### Instructions to follow
Beginning at the line that holds "In the lab here, for", repeat every line through the last line of the material, exactly, and drop any pictures.

### Data extract
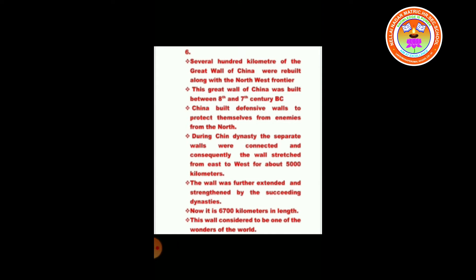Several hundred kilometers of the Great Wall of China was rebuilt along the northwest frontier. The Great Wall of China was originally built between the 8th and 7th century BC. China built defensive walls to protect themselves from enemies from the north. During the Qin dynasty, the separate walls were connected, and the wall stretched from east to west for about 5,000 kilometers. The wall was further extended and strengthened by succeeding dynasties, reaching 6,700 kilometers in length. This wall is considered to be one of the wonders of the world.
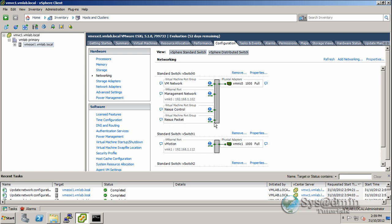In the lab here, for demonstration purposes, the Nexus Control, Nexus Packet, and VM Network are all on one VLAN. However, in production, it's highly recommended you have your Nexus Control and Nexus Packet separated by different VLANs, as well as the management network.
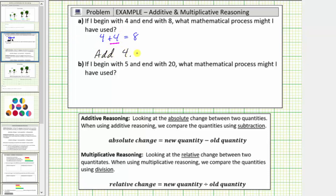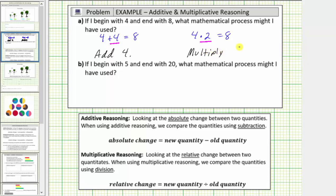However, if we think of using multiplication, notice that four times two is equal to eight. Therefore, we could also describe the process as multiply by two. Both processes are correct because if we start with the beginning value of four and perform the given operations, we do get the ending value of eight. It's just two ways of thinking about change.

### Your response
In the lab here, for demonstration purposes, the Nexus Control, Nexus Packet, and VM Network are all on one VLAN. However, in production, it's highly recommended you have your Nexus Control and Nexus Packet separated by different VLANs, as well as the management network.
However, if we think of using multiplication, notice that four times two is equal to eight. Therefore, we could also describe the process as multiply by two. Both processes are correct because if we start with the beginning value of four and perform the given operations, we do get the ending value of eight. It's just two ways of thinking about change.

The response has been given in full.